C_toupper(teststring)
toupper(teststring)
identical(C_toupper(teststring),toupper(teststring))
*/
However, it doesn't work as it should.
> C_toupper(teststring)
[1] "HEY I ARNAUD"
> toupper(teststring)
[1] "HEY I ARNAUD"
> identical(C_toupper(teststring),toupper(teststring))
[1] FALSE
What's the problem? If possible, I would like not to convert String
into std::string
, because I would like to understand what's happening: the point of going into C++ is to be able to avoid copies and conversions.
Thanks,
Arnaud
The question why the two strings don’t test identical
is difficult to explain — the two strings certainly look identical when inspecting their raw bytes (via charToRaw
), they do not carry attributes, and they don’t have an encoding set. So, really, they should be identical.
To solve the mystery, we need to understand what your C++ code is actually doing. More specifically, what the C-style cast in C_toupper_String
is doing. Because of their danger, you should never use C-style casts. Your code is running into problems purely because of that cast.
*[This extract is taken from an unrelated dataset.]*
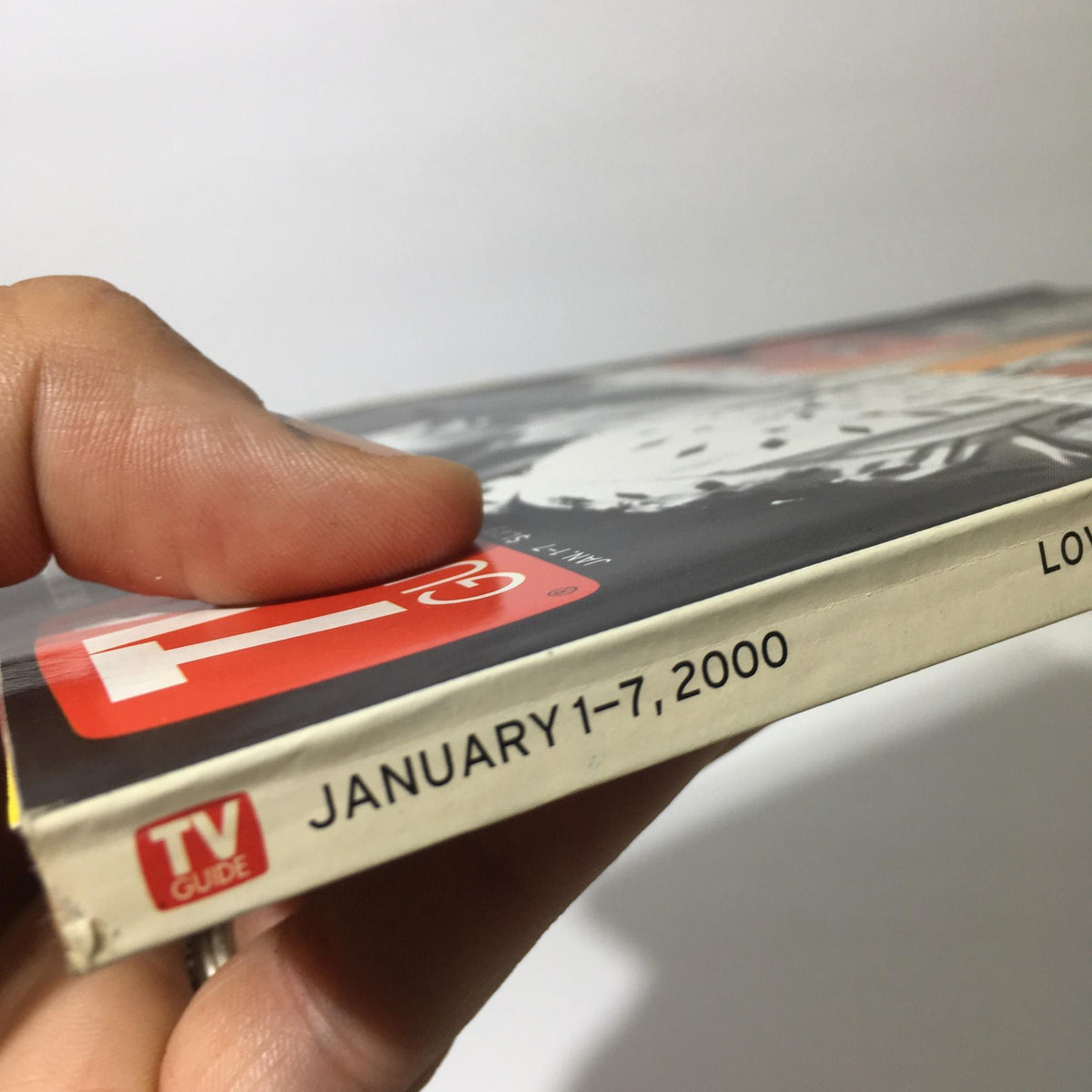 Side view of the TV Guide January 1-7, 2000 featuring Elvis Presley as the Entertainer of the Century, showcasing the publication date.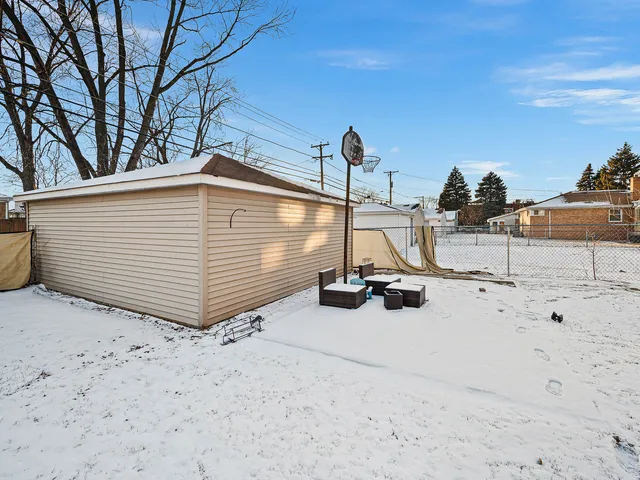 a view of a backyard of the house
Why? Because String::get_cstring
returns char const*
. You are casting it to char*
and thereby casting away its const
ness. This can be safe, but only if the underlying storage isn’t const
. Otherwise it’s undefined behaviour (UB). The effects of UB are difficult to predict due to code rewriting (e.g. optimisations). In this case, it seems that it produces code that messes up the R string internals.
You fundamentally cannot modify Rcpp::String
objects in place, they don’t allow it. But if you merely want to avoid copying then your code is failing its aim anyway, since your C_toupper
function explicitly copies the input in the first step.
As Dirk said, the correct way of solving this problem is to use the available Rcpp API. And in the case of string modifications, this means converting your input to std::string
, performing the modifications, and then converting back. This does copy, but so does your current code. Here’s one good way of writing this code:
#include <Rcpp.h>
#include <cctype>
#include <string>
// [[Rcpp::export]]
Rcpp::StringVector C_toupper(Rcpp::StringVector const& vec) {
std::vector<std::string> res(vec.begin(), vec.end());
for (std::string& str : res) {
for (char& c : str) c = std::toupper(c);
}
return Rcpp::wrap(res);
}
Do note that this will sometimes produce wrong results, because std::toupper
fundamentally can’t deal with certain Unicode characteristics. R’s toupper
does better but also has some problems. A proper solution is using the {stringr} or {stringi} packages.